Macon-Bibb County commissioners heard a brief work-session presentation on the county's geographic information system (GIS), including a planned high-resolution street-scan, address-standardization work and cross-agency uses for emergency response and asset management.
The GIS manager told commissioners that GIS is more than maps—it links parcel identifiers to assessment and infrastructure data and supports time-and-location analysis across county services. "We've got a map that we can look up if you would want to email me or, reach out to me, and we can look up and make sure that that is on the list," the GIS manager said when answering a question about specific streets.
Staff described a street-scan project that will capture the county's road network at a much higher resolution than prior collections. The presenter said the effort will cover county-owned streets (not state-maintained highways) and produce a dashboard showing progress; on the dashboard, green indicates completed work and red indicates remaining sections.
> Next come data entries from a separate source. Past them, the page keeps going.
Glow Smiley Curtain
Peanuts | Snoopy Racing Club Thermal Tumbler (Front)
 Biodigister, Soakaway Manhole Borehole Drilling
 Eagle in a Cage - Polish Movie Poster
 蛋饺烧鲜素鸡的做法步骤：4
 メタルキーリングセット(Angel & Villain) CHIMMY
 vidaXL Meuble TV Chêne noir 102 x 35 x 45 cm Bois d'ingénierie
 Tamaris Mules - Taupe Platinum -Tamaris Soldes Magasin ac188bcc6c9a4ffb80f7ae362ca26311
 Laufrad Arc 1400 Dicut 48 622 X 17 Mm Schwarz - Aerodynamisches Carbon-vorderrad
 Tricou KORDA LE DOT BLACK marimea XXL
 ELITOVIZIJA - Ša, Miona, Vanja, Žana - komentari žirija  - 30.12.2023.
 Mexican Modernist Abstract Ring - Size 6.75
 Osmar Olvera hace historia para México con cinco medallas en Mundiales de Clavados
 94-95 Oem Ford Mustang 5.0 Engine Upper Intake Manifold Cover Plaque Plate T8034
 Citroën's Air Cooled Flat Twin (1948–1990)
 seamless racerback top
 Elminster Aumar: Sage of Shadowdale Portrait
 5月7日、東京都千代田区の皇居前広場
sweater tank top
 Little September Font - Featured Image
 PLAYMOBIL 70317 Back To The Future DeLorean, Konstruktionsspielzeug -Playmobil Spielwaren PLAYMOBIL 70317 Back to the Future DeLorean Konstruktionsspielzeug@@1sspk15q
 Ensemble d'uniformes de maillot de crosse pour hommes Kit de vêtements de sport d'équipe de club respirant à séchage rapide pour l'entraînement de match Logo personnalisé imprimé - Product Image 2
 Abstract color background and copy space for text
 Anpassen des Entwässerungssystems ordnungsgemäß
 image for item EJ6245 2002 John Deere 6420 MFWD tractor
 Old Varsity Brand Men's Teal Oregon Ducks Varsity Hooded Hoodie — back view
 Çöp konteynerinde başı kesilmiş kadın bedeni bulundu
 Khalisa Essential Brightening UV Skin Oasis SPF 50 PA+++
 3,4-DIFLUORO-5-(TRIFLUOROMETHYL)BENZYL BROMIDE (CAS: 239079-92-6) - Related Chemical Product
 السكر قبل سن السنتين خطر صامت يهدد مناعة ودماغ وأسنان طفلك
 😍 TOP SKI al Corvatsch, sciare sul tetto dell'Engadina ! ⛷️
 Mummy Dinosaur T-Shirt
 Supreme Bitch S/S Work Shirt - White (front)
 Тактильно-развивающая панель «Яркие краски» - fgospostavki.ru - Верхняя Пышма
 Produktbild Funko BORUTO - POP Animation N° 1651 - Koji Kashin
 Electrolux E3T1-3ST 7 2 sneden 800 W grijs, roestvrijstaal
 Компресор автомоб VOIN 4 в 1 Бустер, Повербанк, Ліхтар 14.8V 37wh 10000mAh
The presenter emphasized that the county maintains an ongoing enterprise agreement with Esri and pays annually to retain support and infrastructure services.
Commissioners asked how neighborhood traffic-calming requests would be handled; the GIS manager said engineers perform field evaluations and warrants, and that neighborhood interest helps prioritize action. In response to a constituent concern about a long-unpaved street where a resident named Barbara Prosser lives, staff offered to look up the road if provided an email request and confirmed that county roads should be included in the street-scan.
Staff also discussed planned field maps for fire and asset management, parcel-management improvements (a parcel fabric), indoor mapping possibilities for large facilities, and a renewed GIS training program for county users. The meeting ended with the chair asking staff to email the presentation to Janice Ross for distribution and the commission adjourning until its next meeting on January 21st.
The transcript contains garbled phrasing in several places; where the record was unclear, this article uses clarified, neutral language to reflect the substance offered by staff during the presentation.